10.3.3 Implementation of Processes in UNIX
A process in UNIX is like an iceberg: what you see is the part above the water, but there is also an important part underneath. Every process has a user part that runs the user program. However, when one of its threads makes a system call, it traps to kernel mode and begins running in kernel context, with a different memory map and full access to all machine resources. It is still the same thread, but now with more power and also its own kernel mode stack and kernel mode program counter. These are important because a system call can block part way through, for example, waiting for a disk operation to complete. The program counter and registers are then saved so the thread can be restarted in kernel mode later.
The kernel maintains two key data structures related to processes, the process table and the user structure. The process table is resident all the time and contains information needed for all processes, even those that are not currently present in memory. The user structure is swapped or paged out when its associated process is not in memory, in order not to waste memory on information that is not needed.
The information in the process table falls into the following broad categories:
Scheduling parameters. Process priority, amount of CPU time consumed recently, amount of time spent sleeping recently. Together, these are used to determine which process to run next.
Memory image. Pointers to the text, data, and stack segments, or, if paging is used, to their page tables. If the text segment is shared, the text pointer points to the shared text table. When the process is not in memory, information about how to find its parts on disk is here too.
Signals. Masks showing which signals are being ignored, which are being caught, which are being temporarily blocked, and which are in the process of being delivered.
Miscellaneous. Current process state, event being waited for, if any, time until alarm clock goes off, PID, PID of the parent process, and user and group identification.
The user structure contains information that is not needed when the process is not physically in memory and runnable. For example, although it is possible for a process to be sent a signal while it is swapped out, it is not possible for it to read a file. For this reason, information about signals must be in the process table, so they are in memory all the time, even when the process is not present in memory. On the other hand, information about file descriptors can be kept in the user structure and brought in only when the process is in memory and runnable.
The information contained in the user structure includes the following items:
Machine registers. When a trap to the kernel occurs, the machine registers (including the floating-point ones, if used) are saved here.
System call state.

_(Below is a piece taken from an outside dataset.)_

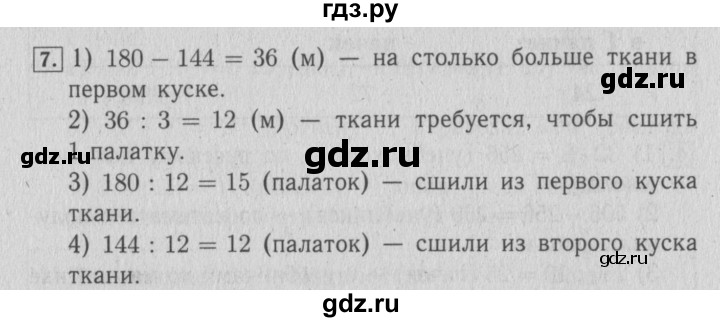 ГДЗ по математике 4 класс Козлова дидактические материалы (Демидова)  текстовые задачи / уроки 62-69 - 7, Решебник №3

Information about the current system call, including the parameters, and results.
File descriptor table. When a system call involving a file descriptor is invoked, the file descriptor is used as an index into this table to locate the in-core data structure (i-node) corresponding to this file.
Accounting. Pointer to a table that keeps track of the user and system CPU time used by the process. Some systems also maintain limits here on the amount of CPU time a process may use, the maximum size of its stack, the number of page frames it may consume, and other items.

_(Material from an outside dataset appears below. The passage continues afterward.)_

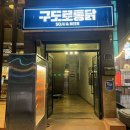 구도로통닭포항 이미지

Kernel stack. A fixed stack for use by the kernel part of the process.
Bearing the use of these tables in mind, it is now easy to explain how processes are created in UNIX. When a fork system call is executed, the calling process traps to the kernel and looks for a free slot in the process table for use by the child. If it finds one, it copies all the information from the parent's process table entry to the child's entry. It then allocates memory for the child's data and stack segments, and makes exact copies of the parent's data and stack segments there. The user structure (which is often kept adjacent to the stack segment), is copied along with the stack. The text segment may either be copied or shared since it is read only. At this point, the child is ready to run.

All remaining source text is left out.